CC BY-NC 4.0 · Arch Plast Surg 2012; 39(05): 504-508
DOI: 10.5999/aps.2012.39.5.504
Original Article

Does Fibrin Sealant Reduce Seroma after Immediate Breast Reconstruction Utilizing a Latissimus Dorsi Myocutaneous Flap?

Han Gyu Cha
Department of Plastic and Reconstructive Surgery, Soonchunhyang University College of Medicine, Seoul, Korea
,
Sang Gue Kang
Department of Plastic and Reconstructive Surgery, Soonchunhyang University College of Medicine, Seoul, Korea
,
Ho Seong Shin
Department of Plastic and Reconstructive Surgery, Soonchunhyang University College of Medicine, Seoul, Korea
,
Moon Seok Kang
Department of Plastic and Reconstructive Surgery, Soonchunhyang University College of Medicine, Seoul, Korea
,
Seung Min Nam
Department of Plastic and Reconstructive Surgery, Soonchunhyang University College of Medicine, Seoul, Korea
› Author Affiliations

Background The most common complication of latissimus dorsi myocutaneous flap in breast reconstruction is seroma formation in the back. Many clinical studies have shown that fibrin sealant reduces seroma formation. We investigated any statistically significant differences in postoperative drainage and seroma formation when utilizing the fibrin sealant on the site of the latissimus dorsi myocutaneous flap harvested for immediate breast reconstruction after skin-sparing partial mastectomy.

Methods A total of 46 patients underwent immediate breast reconstruction utilizing a latissimus dorsi myocutaneous island flap.
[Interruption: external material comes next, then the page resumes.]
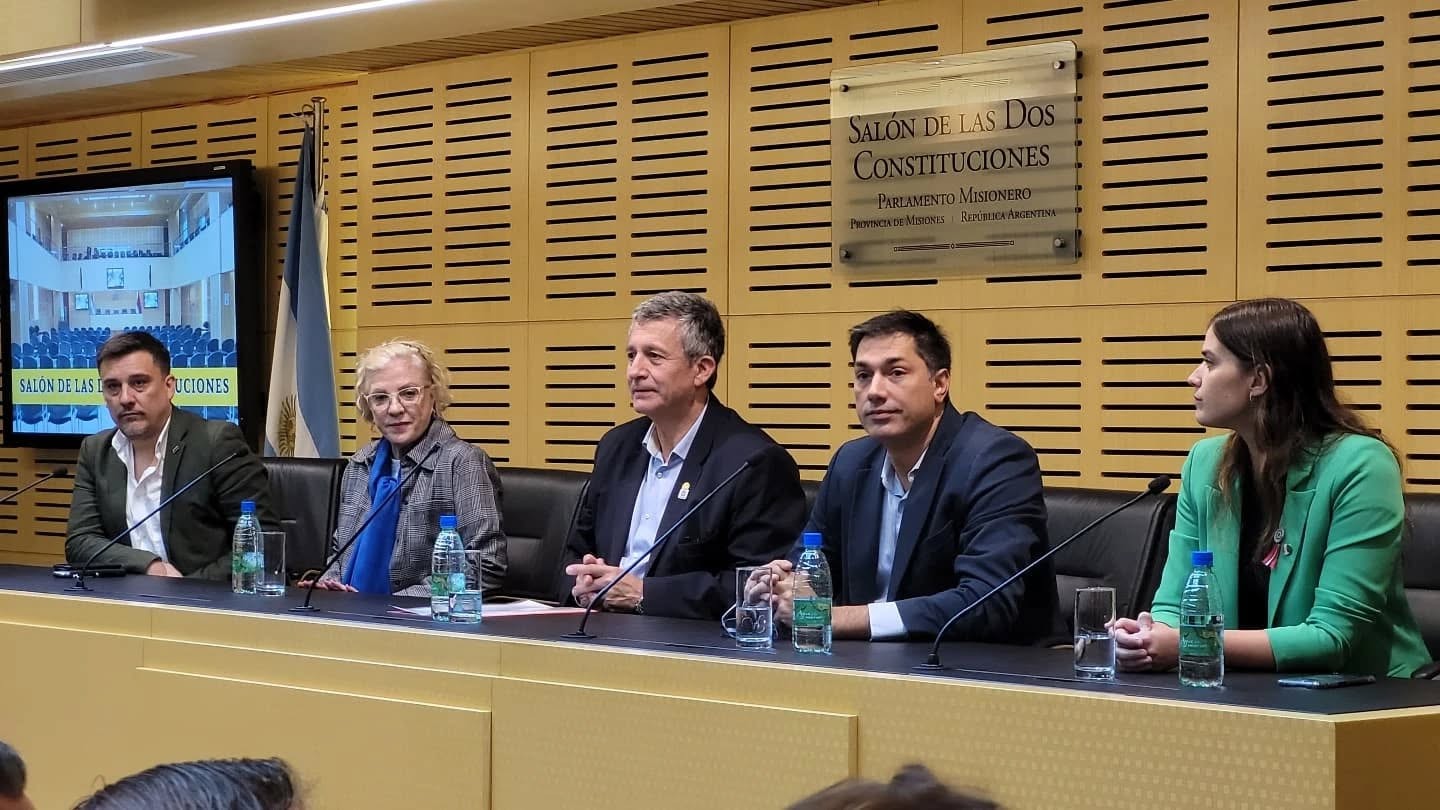 En el Salón de las Dos Constituciones de la Cámara de Representantes de Misiones se llevó a cabo la presentación “Mediciones medioambientales disponibles en Misiones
Of those, 23 patients underwent the procedure without fibrin sealant and the other 23 were administered the fibrin sealant. All flaps were elevated with manual dissection by the same surgeon and were analyzed to evaluate the potential benefits of the fibrin sealant. The correlation analysis and Mann-Whitney U test were used for analyzing the drainage volume according to age, weight of the breast specimen, and body mass index.

Results Although not statistically significant, the cumulative drainage fluid volume was higher in the control group until postoperative day 2 (530.1 mL compared to 502.3 mL), but the fibrin sealant group showed more drainage beginning on postoperative day 3. The donor site comparisons showed the fibrin sealant group had more drainage beginning on postoperative day 3 and the drain was removed 1 day earlier in the control group.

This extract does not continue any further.